La création de l’Alliance des États du Sahel (AES) par le Mali, le Burkina Faso et le Niger en 2023 a profondément bouleversé l’équilibre régional en Afrique de l’Ouest. Ce bloc, né d’une rupture avec la Communauté économique des États de l’Afrique de l’Ouest (Cédéao), soulève une question cruciale : ces deux entités peuvent-elles réellement coexister et collaborer dans un contexte géopolitique tendu ?
AES et Cédéao : Deux visions opposées de l’intégration régionale ?
La Cédéao, fondée en 1975, a pour mission principale l’intégration économique, politique et sociale des 15 États membres de la région.

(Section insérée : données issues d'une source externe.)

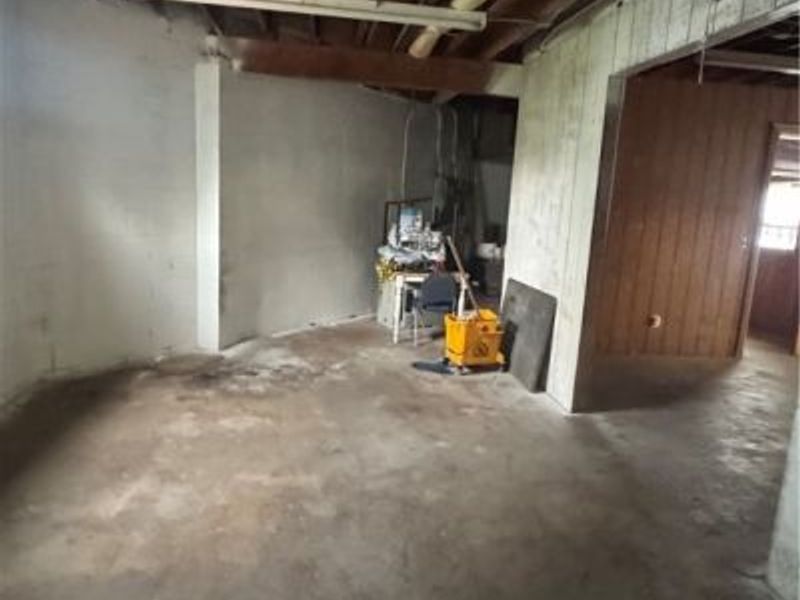 16219 Saint Clair Avenue, Cleveland, OH 44110 Photo 18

Elle repose sur des principes de libre circulation, d’union économique et de gouvernance démocratique, avec une intervention croissante dans les crises politiques et sécuritaires.
À l’inverse, l’AES, lancée en septembre 2023, repose sur un socle fondamentalement différent :
Priorité à la souveraineté nationale et au rejet des ingérences étrangères.
Approche militaro-sécuritaire, en réponse aux insurrections djihadistes qui frappent ces trois pays.
Remise en cause des sanctions de la Cédéao, perçues comme punitives après les coups d’État militaires au Mali (2021), au Burkina Faso (2022) et au Niger (2023).
Ces différences idéologiques et stratégiques ont conduit ces pays à quitter officiellement la Cédéao en janvier 2024, affirmant vouloir tracer leur propre voie dans la gestion des défis régionaux.
Des intérêts communs en matière de sécurité et d’économie
Malgré leurs divergences, la Cédéao et l’AES partagent des défis communs, notamment en matière de sécurité et de développement économique.
La lutte contre le terrorisme
Les trois pays de l’AES font face à une menace djihadiste persistante, qui menace également des États membres de la Cédéao comme le Bénin, le Togo et la Côte d’Ivoire. Une coopération renforcée en matière de renseignement et d’opérations militaires serait bénéfique pour toute la région.
Le commerce et la libre circulation
L’interdépendance économique entre les pays de l’AES et le reste de la Cédéao est une réalité incontournable. L’application stricte des sanctions économiques a montré l’impact négatif d’un cloisonnement régional, notamment sur le commerce des produits agricoles et énergétiques.
Vers une reconnaissance mutuelle et une coopération pragmatique ?
L’issue des tensions entre les deux organisations pourrait prendre plusieurs formes :
Scénario 1 : Une reconnaissance officielle de l’AES par la Cédéao
Si la Cédéao adopte une posture plus conciliante, une reconnaissance mutuelle pourrait permettre une coopération sur des dossiers stratégiques, notamment la sécurité et l’économie. Cela nécessiterait des réformes diplomatiques pour garantir des relations stables entre les deux blocs.
Scénario 2 : Une concurrence régionale et une fragmentation de l’Afrique de l’Ouest
Si les tensions persistent, l’AES pourrait chercher à étendre son influence en intégrant d’autres pays partageant sa vision souverainiste, tandis que la Cédéao tenterait de se renforcer sans ses anciens membres. Un tel schisme affaiblirait la capacité de l’Afrique de l’Ouest à relever les défis communs.
Scénario 3 : Une coopération pragmatique sans reconnaissance formelle
Même sans reconnaissance officielle, la nécessité d’une coordination sur des sujets comme la lutte contre le terrorisme et la gestion des flux économiques pourrait aboutir à une collaboration indirecte sur certains dossiers stratégiques.
Coexister ou s’affronter ?
La coexistence de la Cédéao et de l’AES est possible, mais conditionnée par un dialogue structuré et une volonté mutuelle d’éviter la confrontation.
Tant que les deux entités ne parviendront pas à harmoniser leurs intérêts, la région restera exposée à une instabilité accrue, freinant le développement et la lutte contre les menaces sécuritaires.
L’avenir de l’Afrique de l’Ouest dépendra donc de la capacité des dirigeants à privilégier une approche pragmatique, dépassant les divergences politiques au profit de la stabilité et du progrès régional.